Records excerpted from a collection:
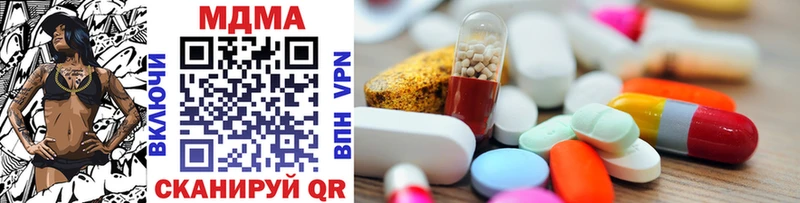 MDMA Molly  наркошоп  Лосино-Петровский 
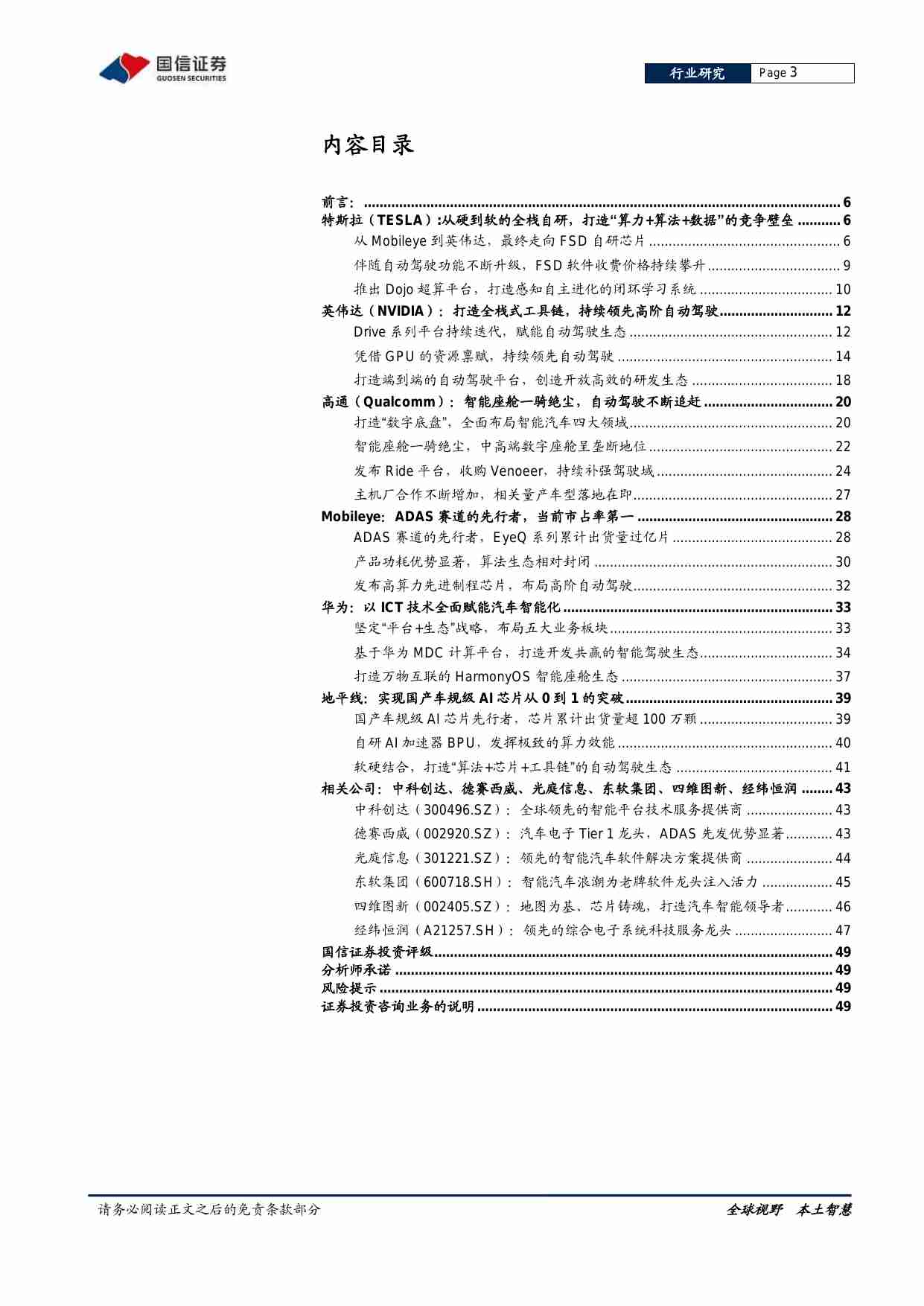 软件与服务行业汽车智能化系列专题：决策篇（2），全球车载计算平台赛道核心玩家全面梳理-20220210-国信证券-50页.pdf-2-预览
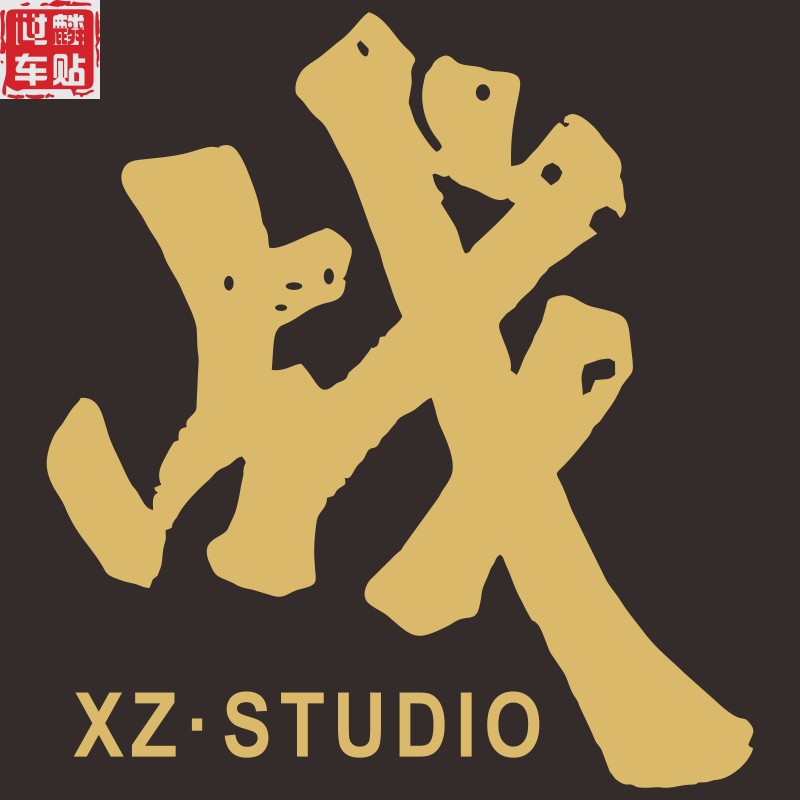 汽车油箱贴纸明星周边肖战工作室logo战车车贴汽车装饰贴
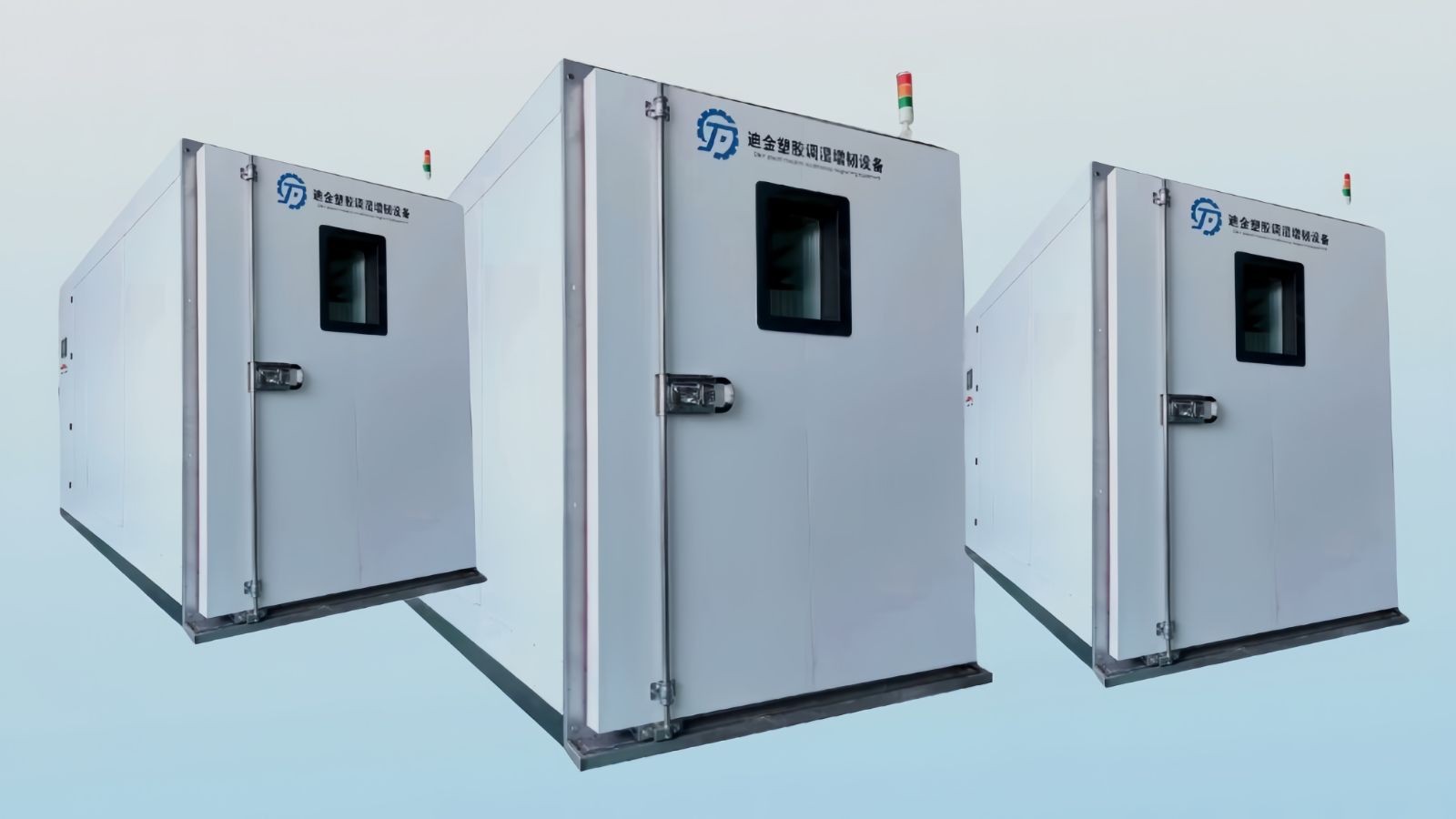 COTV全球直播-盐城市迪金机械环保科技有限公司专业生产：尼龙材料调湿水处理设备、塑料调湿增韧设备等产品; 设计创新、匠心制造、操作方便、增韧效果好等特点，深得中外客户认可，欢迎大家光临！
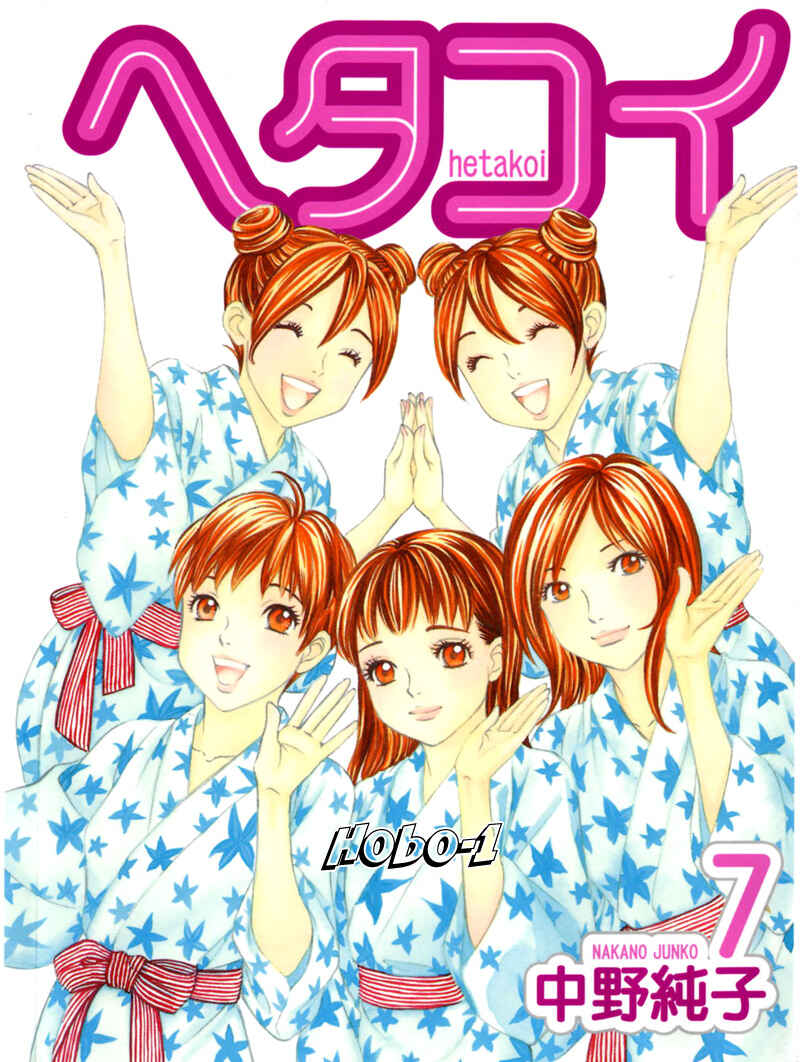 Page 34 Chapter 39 Hetakoi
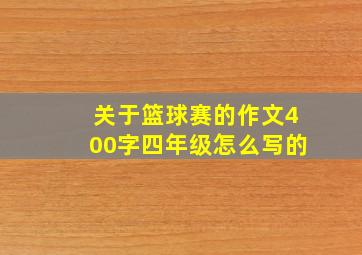 关于篮球赛的作文400字四年级怎么写的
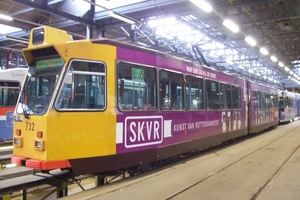 732 S.K.V.R. (2007)
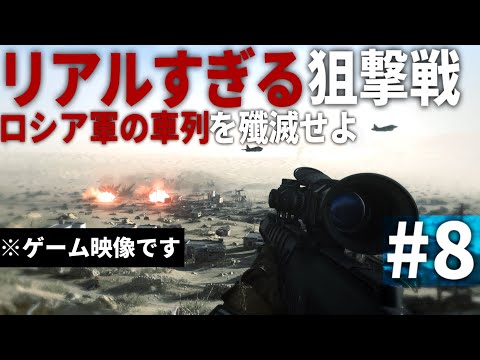 【CoD MW】#8 リアルな狙撃戦で描かれるロシア軍の迎撃戦【ゆっくり実況・Call of Duty Modern Warfare・キャンペーン】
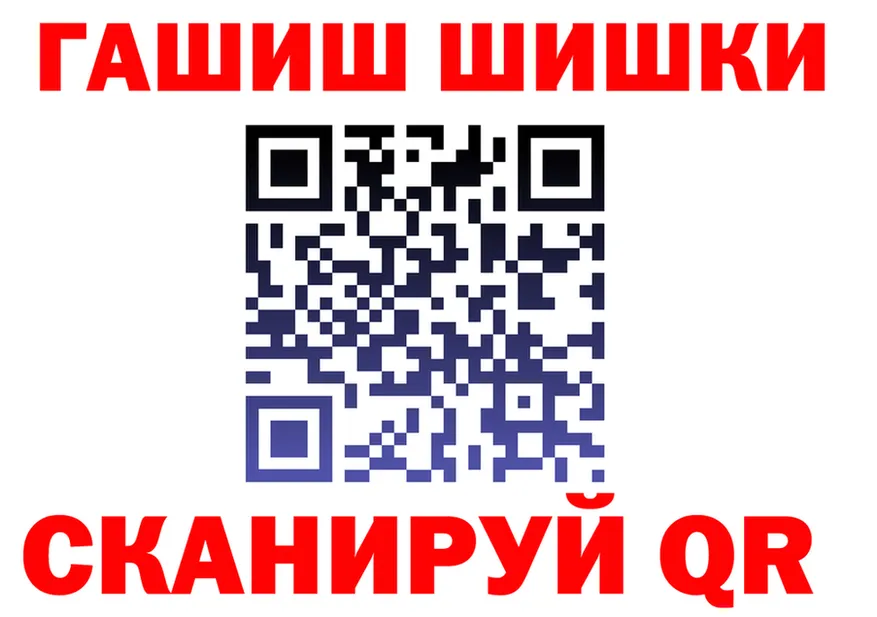 МЕТАДОН VHQ ТОР площадка гидра Шадринск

Brief: An exact copy of all the entries above is required, with every picture left out.

Result:
 MDMA Molly  наркошоп  Лосино-Петровский 
 软件与服务行业汽车智能化系列专题：决策篇（2），全球车载计算平台赛道核心玩家全面梳理-20220210-国信证券-50页.pdf-2-预览
 汽车油箱贴纸明星周边肖战工作室logo战车车贴汽车装饰贴
 COTV全球直播-盐城市迪金机械环保科技有限公司专业生产：尼龙材料调湿水处理设备、塑料调湿增韧设备等产品; 设计创新、匠心制造、操作方便、增韧效果好等特点，深得中外客户认可，欢迎大家光临！
 Page 34 Chapter 39 Hetakoi
 关于篮球赛的作文400字四年级怎么写的
 732 S.K.V.R. (2007)
 【CoD MW】#8 リアルな狙撃戦で描かれるロシア軍の迎撃戦【ゆっくり実況・Call of Duty Modern Warfare・キャンペーン】
 МЕТАДОН VHQ ТОР площадка гидра Шадринск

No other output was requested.